Early life and education

Maud Lavon Worcester was born in 1891 in Center Harbor, New Hampshire. She attended Girls' Latin School in Boston. She briefly attended Radcliffe College, but left to teach school. In 1911, her family moved to Pasadena, California. She was working as a journalist in Bisbee, Arizona when she took an interest in astronomy. She returned to California and taught school while taking correspondence courses and summer classes to qualify for admission to the University of California. She earned a bachelor's degree from UCLA in 1925, followed by a PhD from University of California at Berkeley in 1930.[1] Her doctoral work involved calculating the orbits of asteroids.[2]

Career

Maud Worcester Makemson joined the Vassar College faculty as an assistant astronomy professor in 1932; she became a full professor in 1944. In 1936, she succeeded Caroline Furness as director of the Vassar Observatory.[3]

She received a Guggenheim Fellowship in 1941 to study Maya astronomy,[4] and was a Fulbright Scholar in Japan and India in 1953-1954. Makemson's interest in non-Western astronomical knowledge resulted in several monographs, The Morning Star Rises: An Account of Polynesian Astronomy (1941),[5] The Astronomical Tables of the Maya (1943),[6] The Maya Correlation Problem (1946),[7] and The Book of the Jaguar Priest (1951, a translation of a sixteenth-century text).[8]

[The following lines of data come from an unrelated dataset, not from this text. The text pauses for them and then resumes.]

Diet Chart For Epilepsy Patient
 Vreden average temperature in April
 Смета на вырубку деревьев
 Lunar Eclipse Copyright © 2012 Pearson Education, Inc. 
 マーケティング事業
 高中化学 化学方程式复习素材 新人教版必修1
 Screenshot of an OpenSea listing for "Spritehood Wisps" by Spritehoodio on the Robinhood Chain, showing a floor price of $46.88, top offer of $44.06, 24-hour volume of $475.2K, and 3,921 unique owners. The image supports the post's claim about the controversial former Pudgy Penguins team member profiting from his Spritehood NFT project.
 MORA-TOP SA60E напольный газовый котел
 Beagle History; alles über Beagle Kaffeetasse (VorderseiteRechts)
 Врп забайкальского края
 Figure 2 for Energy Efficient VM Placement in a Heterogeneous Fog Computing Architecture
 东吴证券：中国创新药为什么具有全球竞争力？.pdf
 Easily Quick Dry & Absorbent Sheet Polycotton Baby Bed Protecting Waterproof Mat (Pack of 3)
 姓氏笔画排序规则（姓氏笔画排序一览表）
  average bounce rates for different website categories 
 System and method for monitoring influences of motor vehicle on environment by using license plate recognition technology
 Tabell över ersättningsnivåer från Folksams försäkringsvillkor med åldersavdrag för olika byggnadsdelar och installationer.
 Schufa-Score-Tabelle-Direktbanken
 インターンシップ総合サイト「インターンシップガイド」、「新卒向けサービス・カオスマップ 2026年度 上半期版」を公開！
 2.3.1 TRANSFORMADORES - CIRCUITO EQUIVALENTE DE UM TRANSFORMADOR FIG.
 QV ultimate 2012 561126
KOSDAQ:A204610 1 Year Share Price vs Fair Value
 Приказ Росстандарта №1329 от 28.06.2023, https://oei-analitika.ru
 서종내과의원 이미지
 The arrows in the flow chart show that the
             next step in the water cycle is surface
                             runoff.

Makemson retired from Vassar in 1957, then taught astronomy at UCLA. She co-authored a textbook, Introduction to Astrodynamics (1960) with Robert M. L. Baker, Jr.[9][10] In the 1960s, she joined the Applied Research Laboratories of General Dynamics, to consult with NASA on lunar exploration. She worked on the problem of selenography,[11] developing a way for astronauts standing on the moon to locate themselves precisely.[12]

Among her undergraduate students at Vassar was astronomer Vera Rubin, to whom she gave a celestial globe.[13]

Personal life

Maud Worcester married Thomas Emmet Makemson in 1912; they had three children together before their divorce in 1919. Makemson died on Christmas Day in 1977, in Weatherford, Texas. Her son Donald E. Worcester (who used his mother's original surname) was an author and a history professor at Texas Christian University.[14]

References

  1. "Maud Worcester Makemson" in Thomas Hockey, et al., eds., Biographical Encyclopedia of Astronomers (Spring Science 2007): 729. ISBN 9780387304007
  2. "Woman Hunts Waifs of Sky" Oakland Tribune (September 9, 1928): 8A. via Newspapers.com open access publication - free to read
  3. "Maud Worcester Makemson" in Tiffany K. Wayne, American Women of Science Since 1900 (ABC-Clio 2011): 650. ISBN 9781598841589
  4. "Maud Worcester Makemson" Guggenheim Foundation Fellows.
  5. Maud Worcester Makemson, The Morning Star Rises: An Account of Polynesian Astronomy (Yale University Press 1941).
  6. Maud Worcester Makemson, The Astronomical Tables of the Maya (Johnson Reprint Corporation 1943).
  7. Maud Worcester Makemson, The Maya Correlation Problem (University of California 1946).
  8. Maud Worcester Makemson, The Book of the Jaguar Priest (Schuman 1951).
  9. Robert M. L. Baker and Maud Worcester Makemson, Introduction to Astrodynamics (Academic Press 1960).
  10. "Write Text on Problems of Space Flight" Valley News (March 30, 1961): 86. via Newspapers.com open access publication - free to read
  11. Maud Worcester Makemson, Determination of Selenographic Latitude and Longitude by Star Observations from the Far Side of the Moon (General Dynamics 1965).
  12. "Maud W. Makemson" Vassar College Encyclopedia.
  13. Vera Rubin, Bright Galaxies, Dark Matters (Springer Science 1997): 71. ISBN 9781563962318
  14. "Donald Emmet Worcester: An Inventory of His Papers" Special Collections Library, Texas Tech University.